# 1996 Ted Wojcik Sof-Trac FS



## Shogun700 (Jun 15, 2009)

I've been riding full rigid bikes, and wanted to give full suspension a try without going too modern. I picked this up on ebay a couple weeks ago, and finally made the drive to get it a few days ago. Without a doubt this is the newest bike I'd consider posting on here, but it's got an M900 rear cassette, so I figured I'm good to go.










The seller had no real experience with bikes at all, and I knew I'd be dealing with a lot of unknowns because of the age and complexity (over a standard vintage hardtail), but I decided to go for it as the size was right and it was 3 hours from here. It's got some cool parts-TNT hubs and crankset, Real Ti chainrings, Dean seatpost, and an odd one- a Sachs New Success front derailleur. The rest is XTR M950 or XT, so someone was paying attention to the build. I knew going into it the front hub was broken, and I suspected I'd be dealing with fork and shock issues, but was hoping for the best. My big worry was the Battle carbon rear triangle/swingarm, I really had my fingers crossed. At least I wasn't getting it shipped and could refuse it if the description was off-we did the whole thing through ebay/paypal.










When I picked it up I was pleasantly surprised, but I missed a couple things, unfortunately.
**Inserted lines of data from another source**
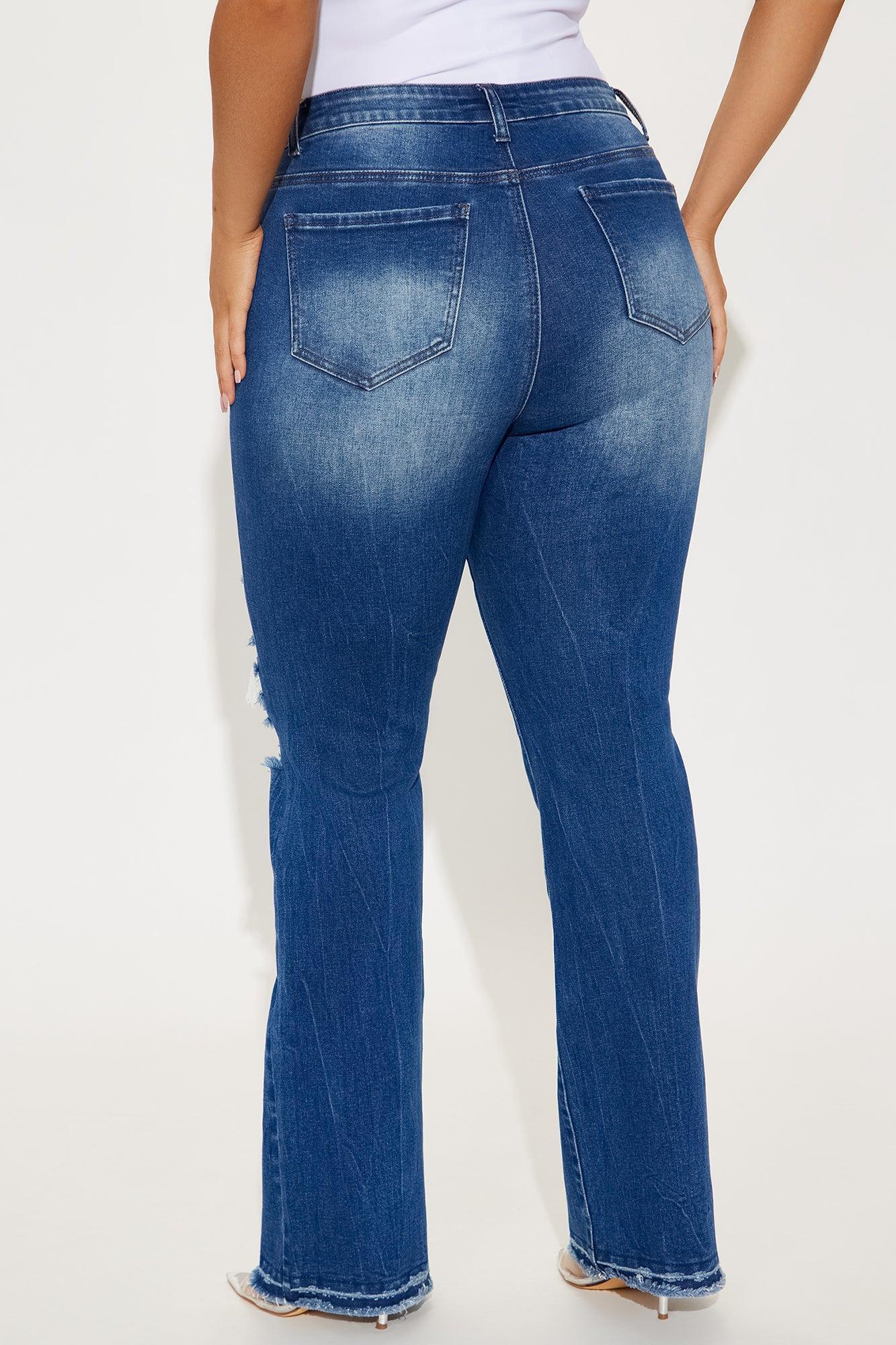 Getting It Right Stretch Ripped Bootcut Jeans - Dark Wash Product Image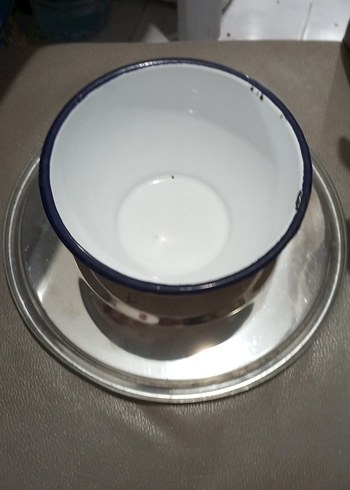 antika çinko kase Beyaz Çiçek Desenli Kase - Görsel 3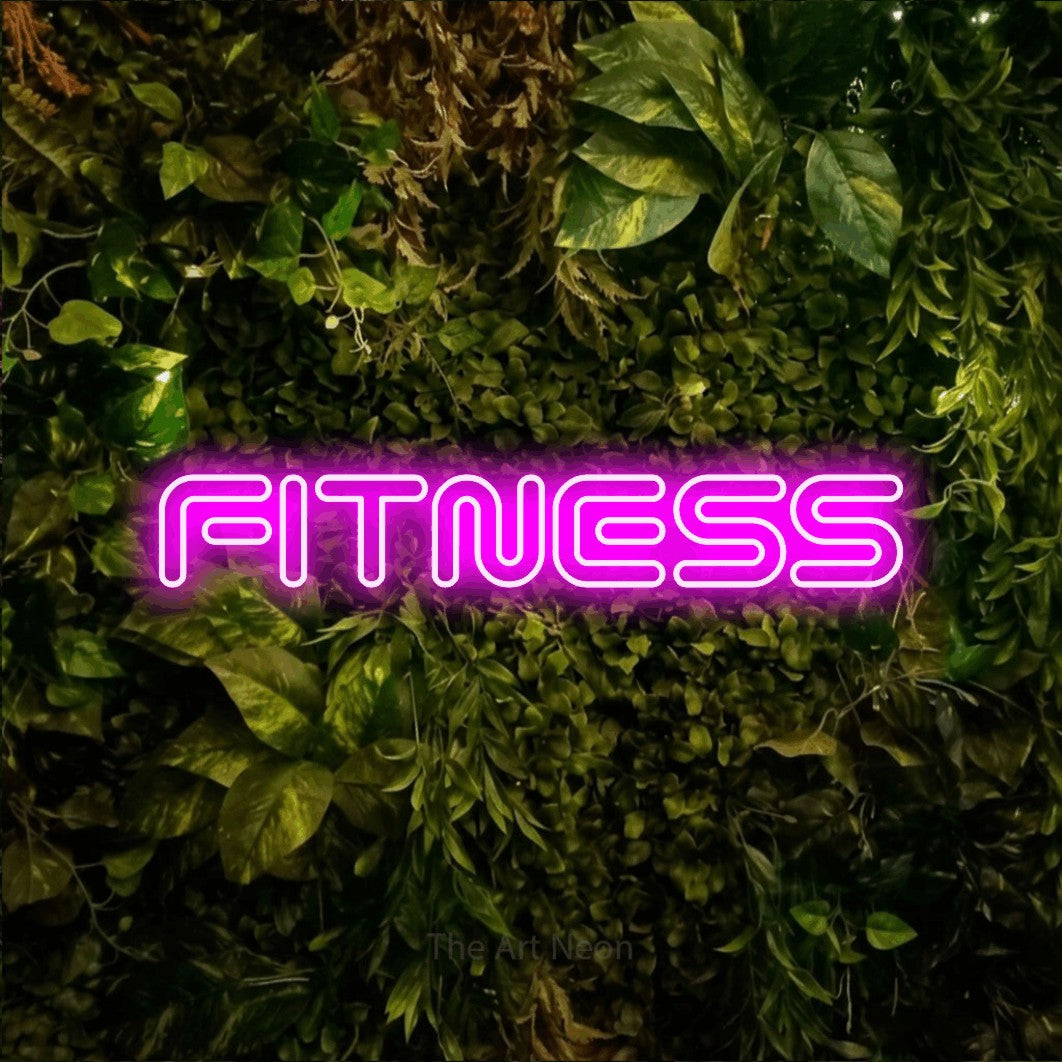 LED neon sign reading “FITNESS”, arranged in a single line.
The non-drive crank arm is split at the taper, and the rear wheel is pretty loose, I need to evaluate whether it's toast or not. On the plus side, the Risse Elroy rear shock works great, and the Judy SL fork has Englund Air cartridges and so far it holds air and is in working order. The paint is really deep and looks great with the yellow accents. No problems with the carbon in the rear, and so far the pivots and bushings seem good, but I need to take a closer look before I can be sure.










I'll post up more pics as I get the bike sorted and on the trails.


----------



## colker1 (Jan 6, 2004)

what's the name again of that type of suspension? Macpherson? i hope it rides as good as it looks.


----------



## jeff (Jan 13, 2004)

colker1 said:


> what's the name again of that type of suspension? Macpherson? i hope it rides as good as it looks.


Mac Strut. Yes sir.

That's a nice bike you've got there. Too bad about the crank arm though.


----------



## colker1 (Jan 6, 2004)

Horst Leitner pivot?


----------



## da'HOOV (Jan 3, 2009)

That rear triangle looks just like the one on my Battle frame. I guess the are pretty much interchangable with nearly any make frame of that design.
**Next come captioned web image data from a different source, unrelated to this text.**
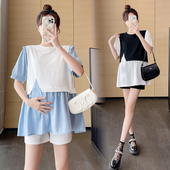 拼接娃娃衫 韩版 上衣托腹短裤 两件套孕妇装 孕妇装 套装 2024新款
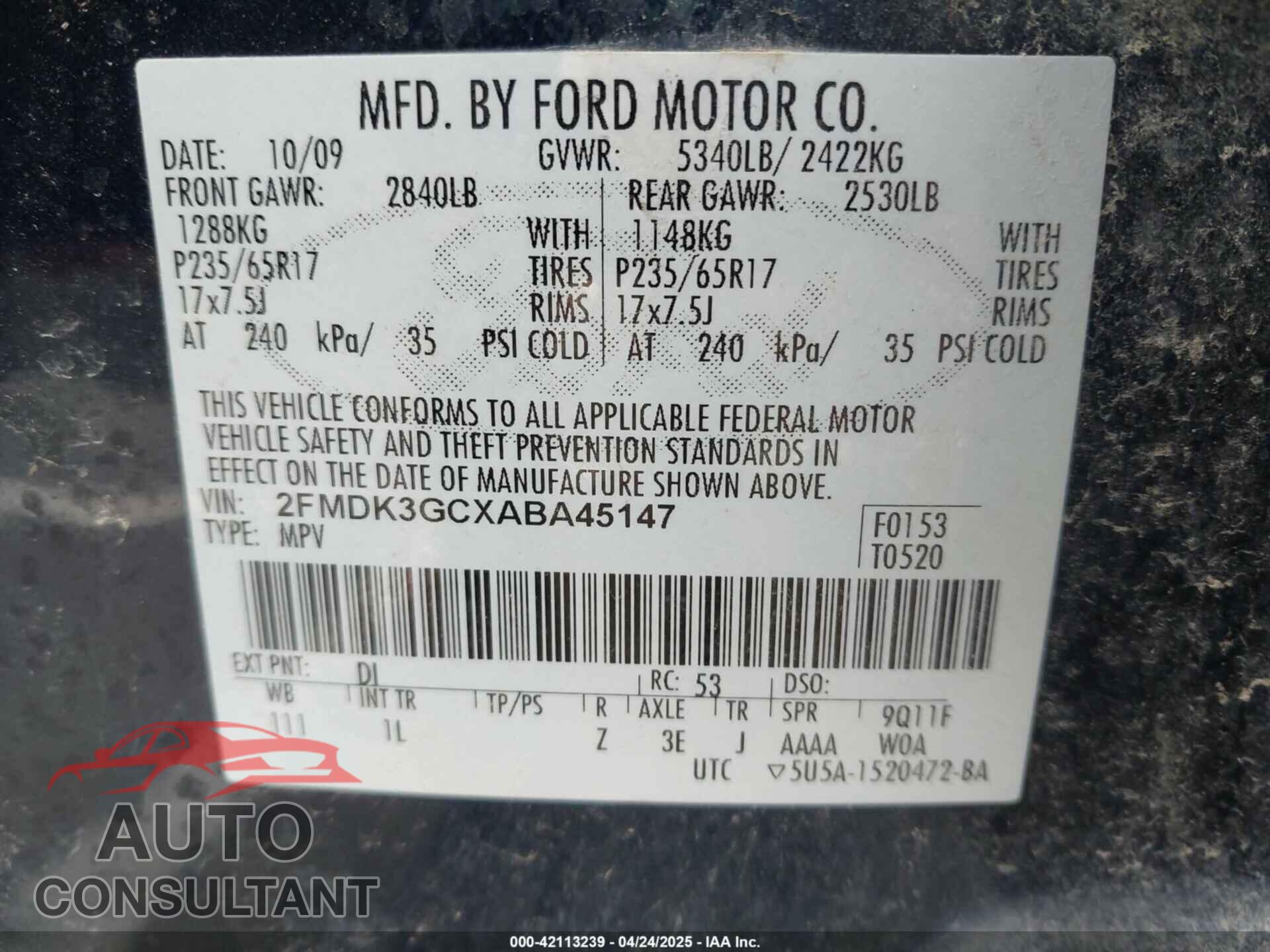 FORD EDGE 2010 - 2FMDK3GCXABA45147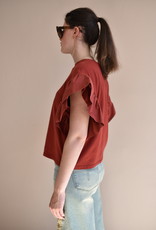Même Road t-shirt with ruffle sleeves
http://forums.mtbr.com/vintage-retro-classic/do-you-see-pattern-here-525151.html


----------



## colker1 (Jan 6, 2004)

Looks pretty different to me: seat stays are longer and his cstays don't have the kick up like yours. may be wrong on the latter..


----------



## da'HOOV (Jan 3, 2009)

colker1 said:


> Looks pretty different to me: seat stays are longer and his cstays don't have the kick up like yours. may be wrong on the latter..


correct on both observations...i was talking more about the dropout design and overall construction design. Different frame design made differences neccesary but they look like they were made by the same builder.

Shogun...sorry i didn't comment earlier..nice pickup with a nice build.... even if you didn't do it


----------



## floibex (Feb 7, 2004)

the later wojciks used to have the battle rear triangle, which were significantly stiffer than the ones delivered by amp.


----------



## First Flight (Jan 25, 2004)

Here is ours, more pictures @ MOMBAT: 1996 Ted Wojcik Soft Trac full suspension bike


----------



## Shayne (Jan 14, 2004)

I lust for your rear tire....

Are those 'rings really Ti? I've got some aluminum Real rings that look the same.


----------



## adroit 96' (Sep 16, 2011)

Same after market rear shock my buddy had on his AMP B-3.


----------



## Spunge (May 30, 2004)

Is it just me or is the front fork on First Flight's bike in need some replacement elastomers? Sweet bike though, looks like White Industries cranks too.


----------



## Shogun700 (Jun 15, 2009)

I had some time to look the bike over better, and the story is basically the same, some good, some stuff will need a little work. The main lower pivot has some side to side movement, and the left rear pivot could use another shim. The arm itself is really stiff and there are no signs of the carbon separating from the aluminum. The rear TNT hub is pretty sweet! I like the spoke lacing pattern, crossed on the drive side and radial on the left, gotta tighten some spokes though.



jeff said:


> That's a nice bike you've got there. Too bad about the crank arm though.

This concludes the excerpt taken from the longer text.